Feds Reinforce School Rules for Accepting Undocumented Immigrants
The Obama administration delivered an unequivocally clear message — again — on Thursday: All children have a right to enroll in public schools regardless of their citizenship or immigration status.
Three years after clarifying to schools that they cannot turn away children, the Education and Justice Departments issued another set of guidance documents that provide in painstaking detail what schools can and cannot ask for when families want to enroll their children. The agencies also provided examples of acceptable enrollment policies.
For example, schools can violate federal law by requiring Social Security numbers or birth certificates when a student wants to enroll. Schools can instead ask for proof of residency in a school district, which a family can do with an electric bill or copy of a lease.

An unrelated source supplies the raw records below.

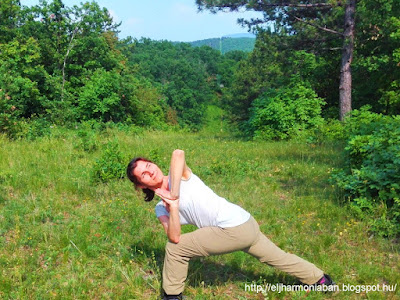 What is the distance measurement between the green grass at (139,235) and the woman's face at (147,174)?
3.36 ft

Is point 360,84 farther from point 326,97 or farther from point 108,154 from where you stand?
point 108,154

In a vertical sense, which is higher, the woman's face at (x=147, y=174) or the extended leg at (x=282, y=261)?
the woman's face at (x=147, y=174)

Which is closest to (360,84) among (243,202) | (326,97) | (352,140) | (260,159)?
(326,97)

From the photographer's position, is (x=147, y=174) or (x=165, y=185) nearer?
(x=147, y=174)

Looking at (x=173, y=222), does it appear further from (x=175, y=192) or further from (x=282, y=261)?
(x=282, y=261)

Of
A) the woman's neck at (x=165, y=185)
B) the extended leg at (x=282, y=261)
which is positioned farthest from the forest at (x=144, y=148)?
the woman's neck at (x=165, y=185)

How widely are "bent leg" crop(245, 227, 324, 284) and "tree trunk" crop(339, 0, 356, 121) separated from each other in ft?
35.1

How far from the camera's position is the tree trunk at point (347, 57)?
41.6 ft

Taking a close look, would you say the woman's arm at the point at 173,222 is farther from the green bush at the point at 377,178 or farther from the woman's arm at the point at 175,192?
the green bush at the point at 377,178

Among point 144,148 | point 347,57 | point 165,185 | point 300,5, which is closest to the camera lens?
point 165,185

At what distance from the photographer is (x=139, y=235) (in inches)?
170

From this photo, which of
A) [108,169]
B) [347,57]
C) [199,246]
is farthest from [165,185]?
A: [347,57]

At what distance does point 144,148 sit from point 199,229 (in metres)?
5.94

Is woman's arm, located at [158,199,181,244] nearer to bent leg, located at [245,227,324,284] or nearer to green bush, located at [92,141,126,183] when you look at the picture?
bent leg, located at [245,227,324,284] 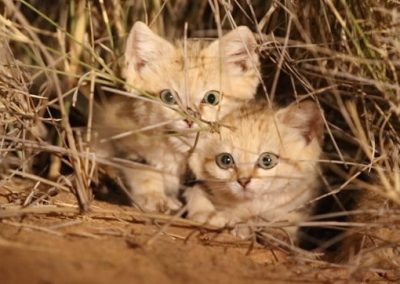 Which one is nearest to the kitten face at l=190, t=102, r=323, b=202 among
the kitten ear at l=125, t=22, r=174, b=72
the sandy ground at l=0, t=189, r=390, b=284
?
the sandy ground at l=0, t=189, r=390, b=284

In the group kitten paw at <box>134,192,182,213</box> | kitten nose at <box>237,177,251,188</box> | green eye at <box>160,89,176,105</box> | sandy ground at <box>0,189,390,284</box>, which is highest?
green eye at <box>160,89,176,105</box>

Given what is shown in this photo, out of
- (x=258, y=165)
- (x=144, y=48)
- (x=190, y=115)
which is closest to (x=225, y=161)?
(x=258, y=165)

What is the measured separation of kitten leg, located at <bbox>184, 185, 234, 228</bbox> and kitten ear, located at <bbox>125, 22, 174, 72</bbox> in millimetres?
537

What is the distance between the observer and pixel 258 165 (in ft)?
8.34

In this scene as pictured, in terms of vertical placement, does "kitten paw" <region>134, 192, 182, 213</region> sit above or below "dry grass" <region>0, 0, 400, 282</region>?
below

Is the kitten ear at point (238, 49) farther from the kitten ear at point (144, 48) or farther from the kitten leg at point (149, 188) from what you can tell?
the kitten leg at point (149, 188)

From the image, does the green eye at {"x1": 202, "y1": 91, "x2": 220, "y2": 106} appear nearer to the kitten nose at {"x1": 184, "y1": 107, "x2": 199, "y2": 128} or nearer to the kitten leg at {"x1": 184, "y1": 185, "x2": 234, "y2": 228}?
the kitten nose at {"x1": 184, "y1": 107, "x2": 199, "y2": 128}

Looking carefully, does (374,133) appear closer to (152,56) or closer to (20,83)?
(152,56)

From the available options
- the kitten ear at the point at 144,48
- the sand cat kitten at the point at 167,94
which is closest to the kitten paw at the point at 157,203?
the sand cat kitten at the point at 167,94

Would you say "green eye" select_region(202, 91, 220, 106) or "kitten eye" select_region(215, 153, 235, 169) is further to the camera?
"green eye" select_region(202, 91, 220, 106)

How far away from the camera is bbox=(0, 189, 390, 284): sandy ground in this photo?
65.6 inches

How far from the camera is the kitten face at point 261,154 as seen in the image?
2.53m

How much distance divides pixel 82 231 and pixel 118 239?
12 centimetres

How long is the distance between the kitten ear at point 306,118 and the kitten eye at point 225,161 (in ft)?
0.88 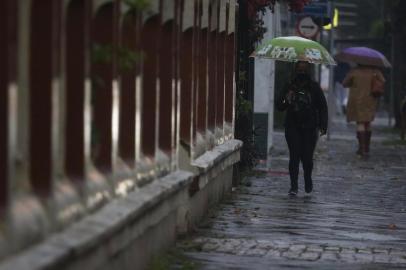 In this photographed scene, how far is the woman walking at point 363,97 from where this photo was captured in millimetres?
28359

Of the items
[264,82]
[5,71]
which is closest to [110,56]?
[5,71]

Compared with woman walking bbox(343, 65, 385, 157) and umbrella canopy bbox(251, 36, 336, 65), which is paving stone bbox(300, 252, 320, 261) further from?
woman walking bbox(343, 65, 385, 157)

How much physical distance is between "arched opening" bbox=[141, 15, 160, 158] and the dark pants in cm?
654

In a Dear Colleague letter, the agencies say they’ve recently “become aware of student enrollment practices that may chill or discourage the participation, or lead to the exclusion, of students based on their or their parents’ or guardians’ actual or perceived citizenship or immigration status.”

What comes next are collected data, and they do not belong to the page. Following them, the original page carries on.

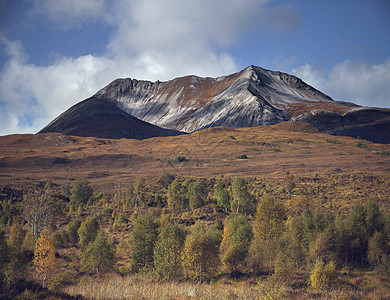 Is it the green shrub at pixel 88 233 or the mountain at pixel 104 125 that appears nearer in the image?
the green shrub at pixel 88 233

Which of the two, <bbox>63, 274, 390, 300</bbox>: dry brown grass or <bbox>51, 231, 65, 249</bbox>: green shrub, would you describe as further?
<bbox>51, 231, 65, 249</bbox>: green shrub

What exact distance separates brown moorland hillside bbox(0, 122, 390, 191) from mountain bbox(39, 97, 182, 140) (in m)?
29.7

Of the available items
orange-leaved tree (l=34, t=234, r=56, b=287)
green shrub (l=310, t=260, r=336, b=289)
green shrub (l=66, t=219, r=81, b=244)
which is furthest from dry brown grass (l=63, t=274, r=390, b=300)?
green shrub (l=66, t=219, r=81, b=244)

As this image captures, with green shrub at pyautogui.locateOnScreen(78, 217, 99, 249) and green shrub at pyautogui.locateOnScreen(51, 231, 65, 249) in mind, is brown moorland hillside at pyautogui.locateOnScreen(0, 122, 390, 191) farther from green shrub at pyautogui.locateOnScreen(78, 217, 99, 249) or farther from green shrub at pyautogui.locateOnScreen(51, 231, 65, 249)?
green shrub at pyautogui.locateOnScreen(78, 217, 99, 249)

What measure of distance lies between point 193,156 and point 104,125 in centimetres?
8953

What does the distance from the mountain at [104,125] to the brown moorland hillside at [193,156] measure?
2973 centimetres

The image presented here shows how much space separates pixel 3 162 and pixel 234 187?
8116cm

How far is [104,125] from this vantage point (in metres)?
164

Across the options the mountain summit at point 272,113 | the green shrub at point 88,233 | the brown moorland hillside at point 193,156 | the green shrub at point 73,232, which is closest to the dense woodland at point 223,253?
the green shrub at point 88,233

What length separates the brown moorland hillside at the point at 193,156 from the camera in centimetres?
7256

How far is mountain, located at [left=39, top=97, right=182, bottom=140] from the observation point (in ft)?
510

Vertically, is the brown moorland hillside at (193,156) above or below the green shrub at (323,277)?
above

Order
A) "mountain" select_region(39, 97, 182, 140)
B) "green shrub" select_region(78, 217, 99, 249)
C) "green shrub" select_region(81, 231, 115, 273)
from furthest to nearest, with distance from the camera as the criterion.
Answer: "mountain" select_region(39, 97, 182, 140) → "green shrub" select_region(78, 217, 99, 249) → "green shrub" select_region(81, 231, 115, 273)

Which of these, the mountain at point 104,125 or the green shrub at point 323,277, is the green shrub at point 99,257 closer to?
the green shrub at point 323,277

The Department of Homeland Security estimates that there are 1.1 million undocumented children under age 18 living in the U.S.
On a call with reporters, Education Secretary Arne Duncan said that the department’s Office for Civil Rights has received 17 complaints related to school enrollment policies since its 2011 guidance on the issue. The complaints came from all over the country, Assistant Secretary for Civil Rights Catherine Lhamon said: Colorado, D.C., Michigan, Ohio, Louisiana, New Mexico and North Carolina, among others.